**EXERCISE PROMPT**.
Print out the full material below, exact in every line, with no images included.

**WORKING DATA**.
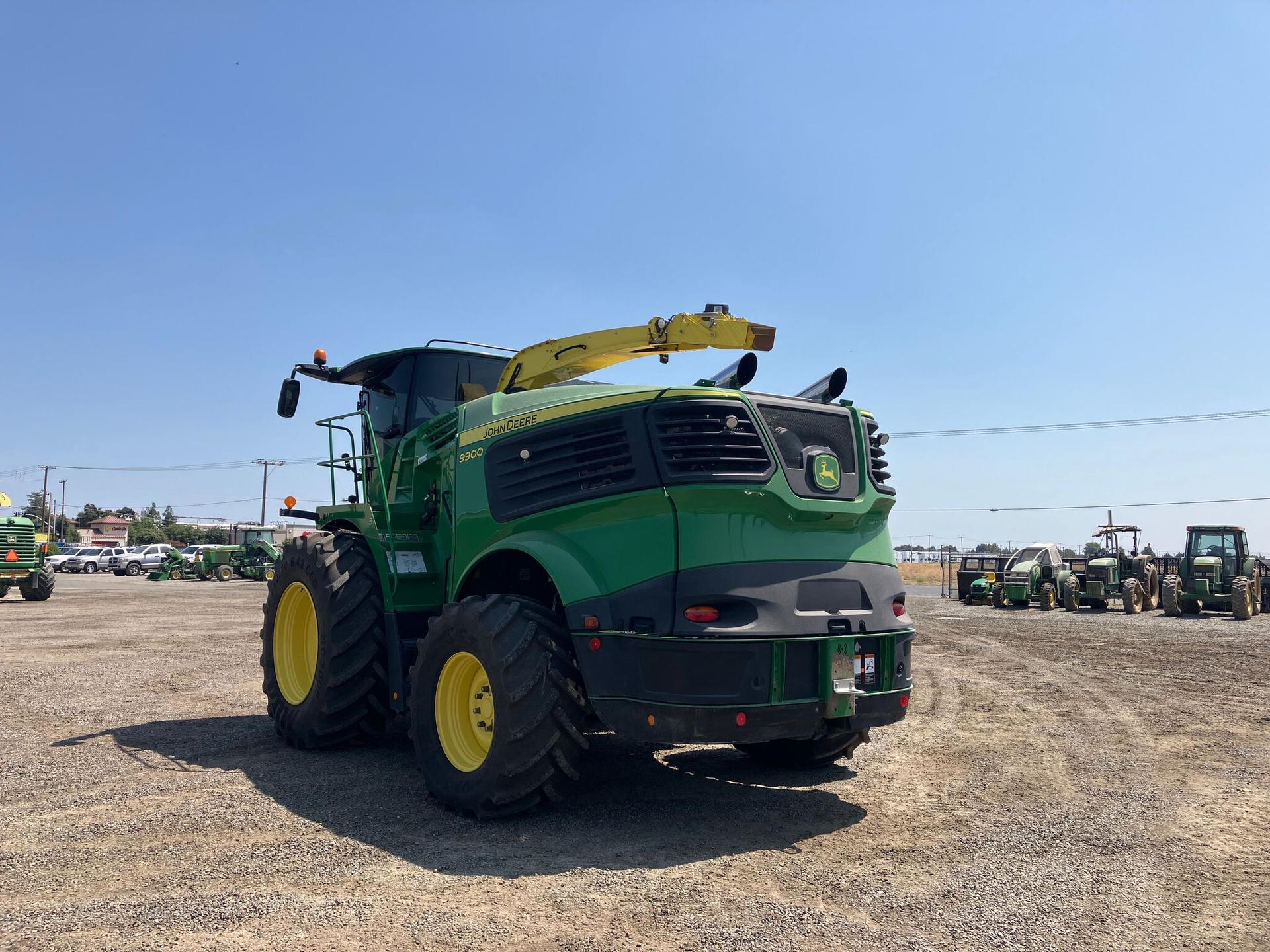 2021 John Deere 9900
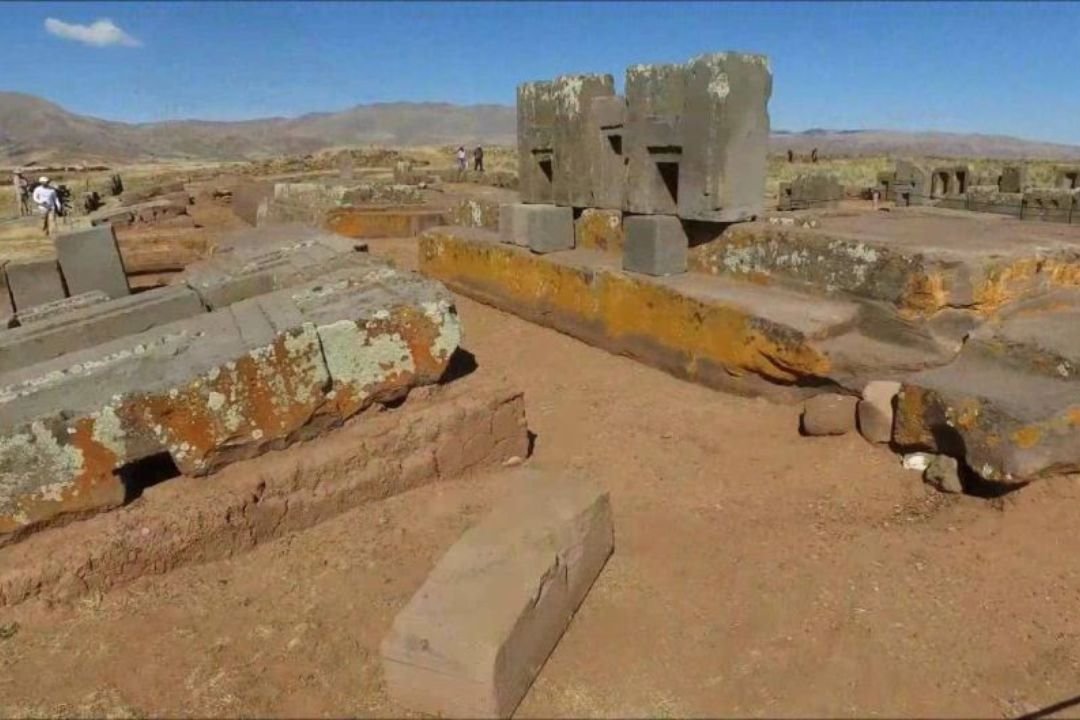 Ruinas talladas en la Ciudad Precolombina de Puma Punku, La Paz, Bolivia.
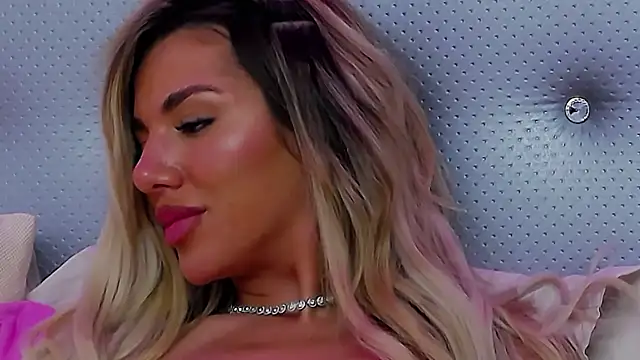 ClaraHazel online show from 02/02/25, 08:35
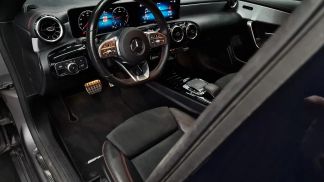 Finansowanie Sedan MERCEDES CLA 180 2019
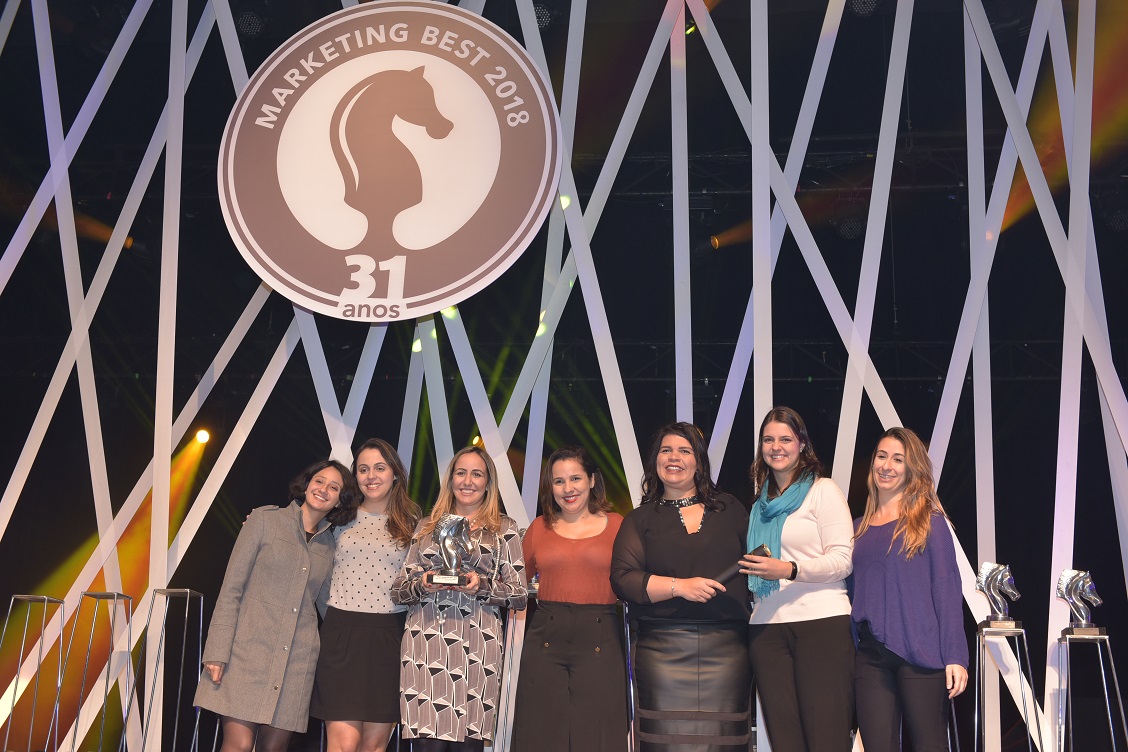 Sueli Dias, da TeleEventos, premia equipe da Maternidade Santa Joana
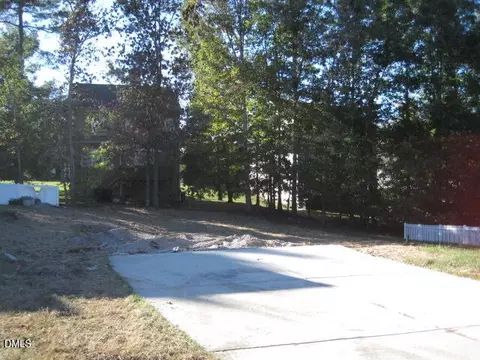 49 Greenfield Ln, Clayton, NC 27527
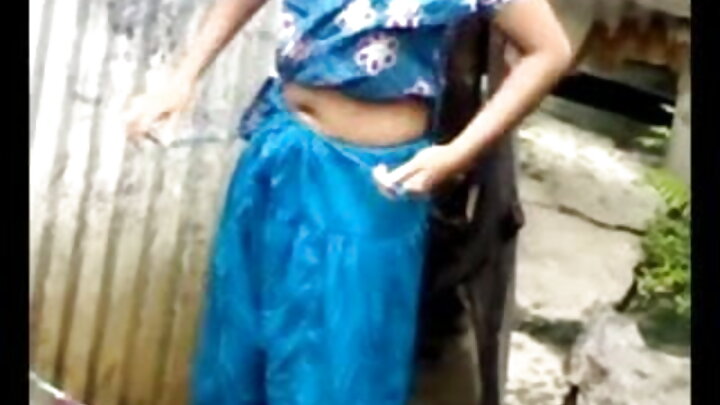 বাট প্লাগ পরা এক রুশ সৎমা একটি মোটা শিশ্ন দেখে উত্তেজিত হয়ে ওঠেন।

**SOLUTION BELOW**.
 2021 John Deere 9900
 Ruinas talladas en la Ciudad Precolombina de Puma Punku, La Paz, Bolivia.
 ClaraHazel online show from 02/02/25, 08:35
 Finansowanie Sedan MERCEDES CLA 180 2019
 Sueli Dias, da TeleEventos, premia equipe da Maternidade Santa Joana
 49 Greenfield Ln, Clayton, NC 27527
 বাট প্লাগ পরা এক রুশ সৎমা একটি মোটা শিশ্ন দেখে উত্তেজিত হয়ে ওঠেন।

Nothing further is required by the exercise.